Over and again, I hear people give reasons for not coming to church, and usually they entail to things like this: “I don’t like the music, it’s too old fashioned/too new,” “I don’t recognize it any more,” “the preacher’s too charismatic/too boring” “It’s too loud/quiet” “I don’t like the way they do things,” and much the same along these lines. If we’re being quite honest with ourselves (which often, we’re not), there’s only a handful (if even that) of reasons to not gather with the Church or to leave a congregation, but the majority of the ones we pick have nothing to do with how Scriptural a congregation is, but rather a matter of our tastes, comfort, and how they make us feel. The only reasons I truly believe that one should miss gathering together (as it is commanded in both the Old and New Testaments) is if the congregation is not the Scriptural Church (measure it against Scripture, not tradition or taste), or if your health keeps you from going out. Otherwise, we should seek to gather, and gather often!
In the west, many of us look toward tradition and taste, but in India, many countries in Africa and the Middle East, China, and other parts of the world where following Christ is forbidden or oppressed, the true Church gathers on muddy floors, risks imprisonment and death to gather, and seeks to find Christ through the Bible wherever it can. They look after one another, and love one another as Christ commanded. They seek sound doctrine and to be as close to Christ as they possibly can. Loved ones, we have to stop looking at nostalgia, tradition, personal ambition (am I getting my way or not) and taste as the measure of a congregation, but how they follow and pursue Christ, honor and teach the Scriptures, and how they seek to be the Church that Christ calls them to be through the Scriptures.

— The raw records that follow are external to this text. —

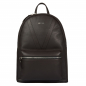 Preview: Lederrucksack aus genarbtem Kalbsleder -JUVENTAS-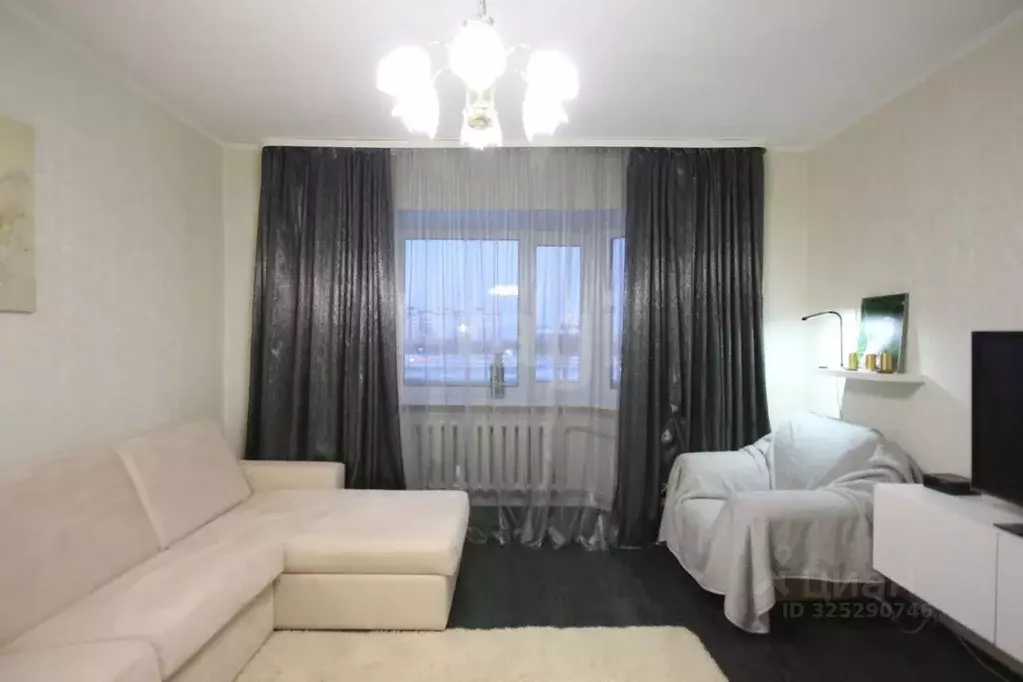 2-к кв. Ямало-Ненецкий АО, Новый Уренгой ул. 26-го съезда КПСС, 4 ... - Фото 2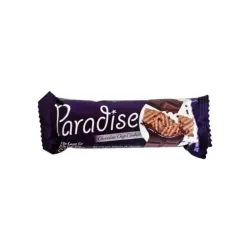 Galletas Paradise de Chocolate sin Relleno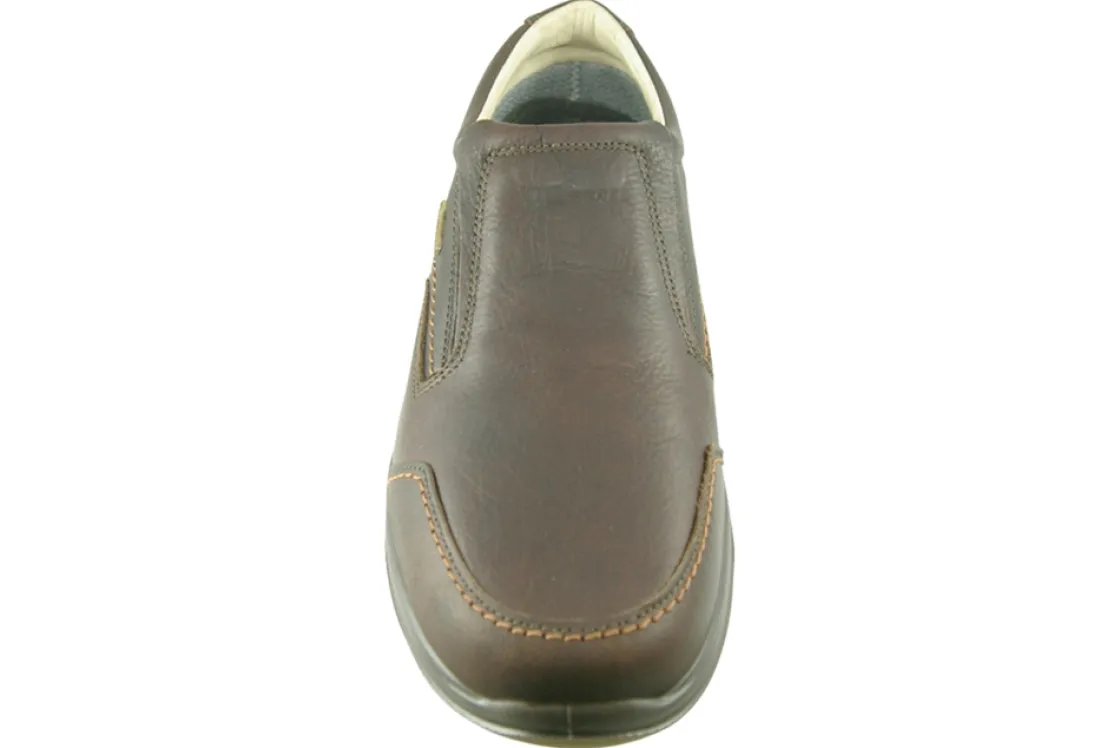 Grisport Mens Shoes<Melrose Mens Leather Waterproof Shoes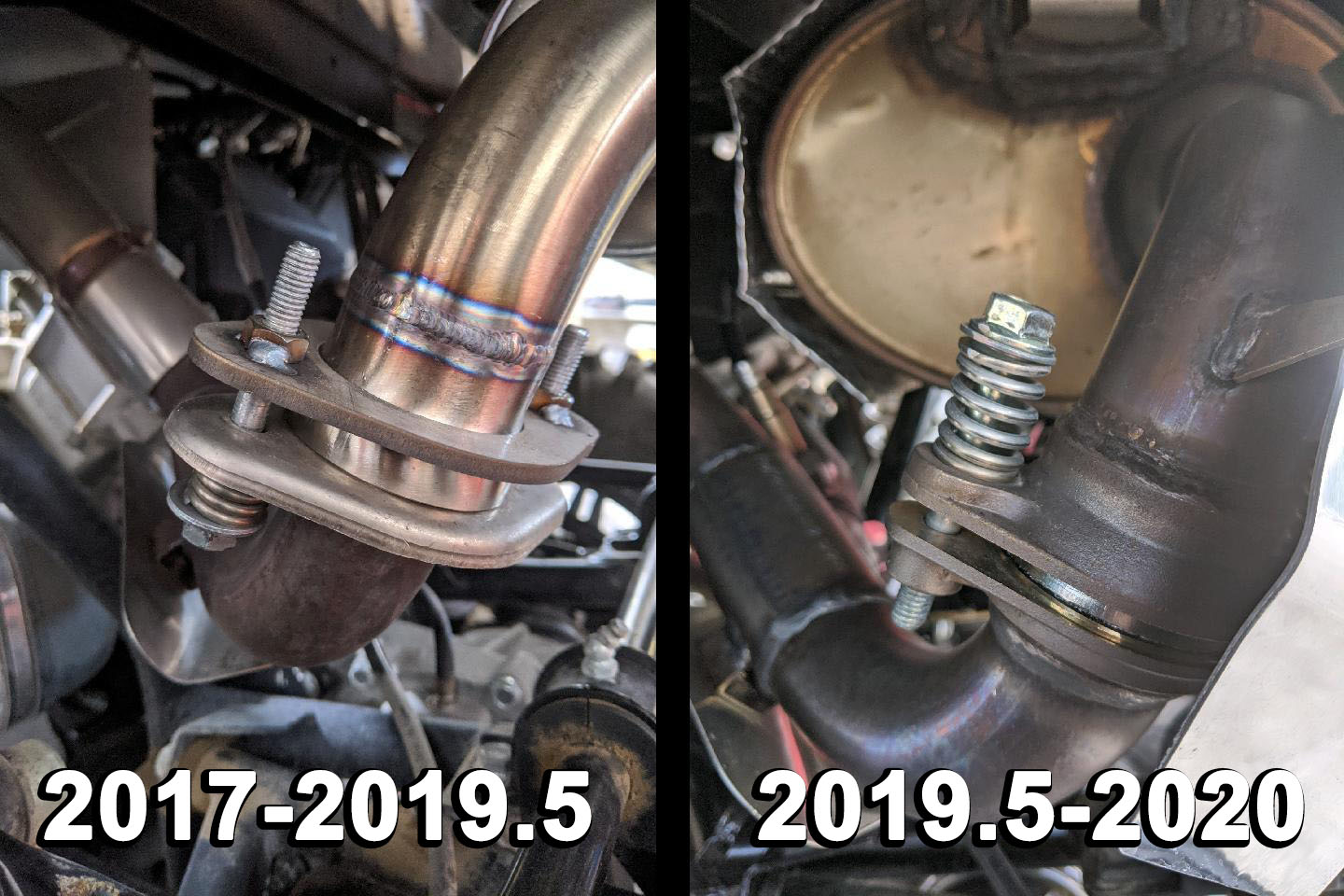 CFmoto ZForce 1000 Different Exhaust Models 2019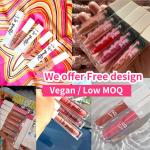 Lip Stain Manufacturer - Wholesale Bulk Tinted Watery Pigment Vegan Lip Stain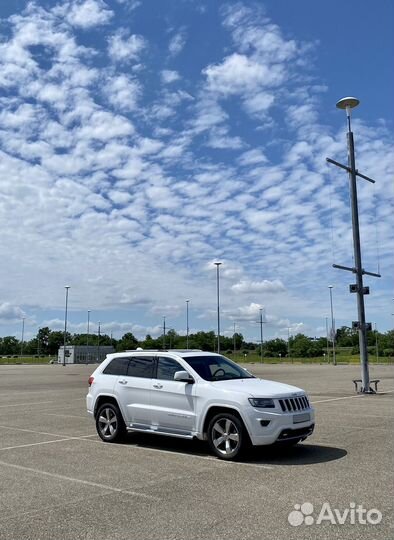 Jeep Grand Cherokee 3.6 AT, 2013, 200 000 км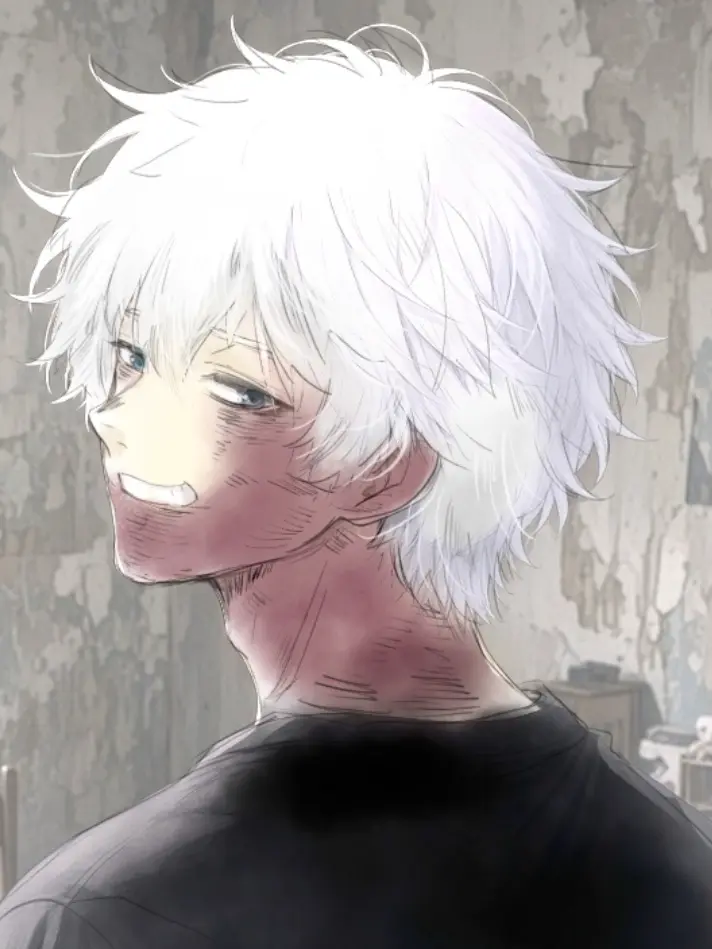 SaltyWell0501의 Ordinary Dabi-kun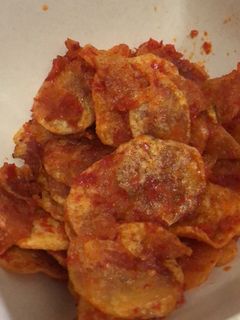 Foto resep Keripik kentang balado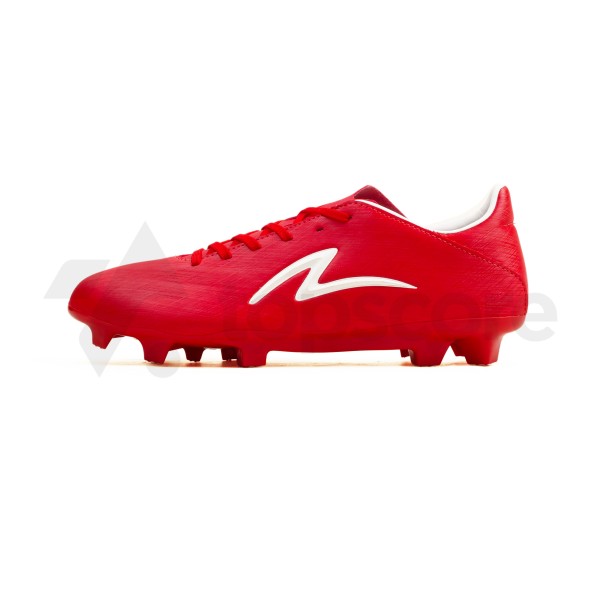 SPECS ESSORER FG POPPY RED WHITE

The Church is to be a people who are so radically different than the World, following the Great Commandment, to love the Lord our God with all our Heart, mind, soul and strength, and loving our neighbor as ourselves (Matthew 22:35-40), while actively making a lifestyle of the Great Commission: to make disciples of all nations, baptizing them in the name of the Father and of the Son and of the Holy Spirit, teaching them to obey all of Christ’s commands, and fixing our eyes on Him who has all authority on heaven and on earth and is with us always, even to the end of the age (Matthew 28:16-20; this is a run on sentence if ever there was one, but if Paul can do it, so can I!). There are very few reasons to not gather with the Church, make sure that you’re using the proper viewpoint when choosing not to!
Matthew 22:34-40
But when the Pharisees heard that he had silenced the Sadducees, they gathered together. And one of them, a lawyer, asked him a question to test him. “Teacher, which is the great commandment in the Law?” And he said to him, “You shall love the Lord your God with all your heart and with all your soul and with all your mind. This is the great and first commandment. And a second is like it: You shall love your neighbor as yourself. On these two commandments depend all the Law and the Prophets.”
Matthew 28:16-20
Now the eleven disciples went to Galilee, to the mountain to which Jesus had directed them. And when they saw him they worshiped him, but some doubted. And Jesus came and said to them, “All authority in heaven and on earth has been given to me. Go therefore and make disciples of all nations, baptizing them in the name of the Father and of the Son and of the Holy Spirit, teaching them to observe all that I have commanded you. And behold, I am with you always, to the end of the age.”
Hebrews 10:19-25
Therefore, brothers, since we have confidence to enter the holy places by the blood of Jesus, by the new and living way that he opened for us through the curtain, that is, through his flesh, and since we have a great priest over the house of God, let us draw near with a true heart in full assurance of faith, with our hearts sprinkled clean from an evil conscience and our bodies washed with pure water. Let us hold fast the confession of our hope without wavering, for he who promised is faithful. And let us consider how to stir up one another to love and good works, not neglecting to meet together, as is the habit of some, but encouraging one another, and all the more as you see the Day drawing near.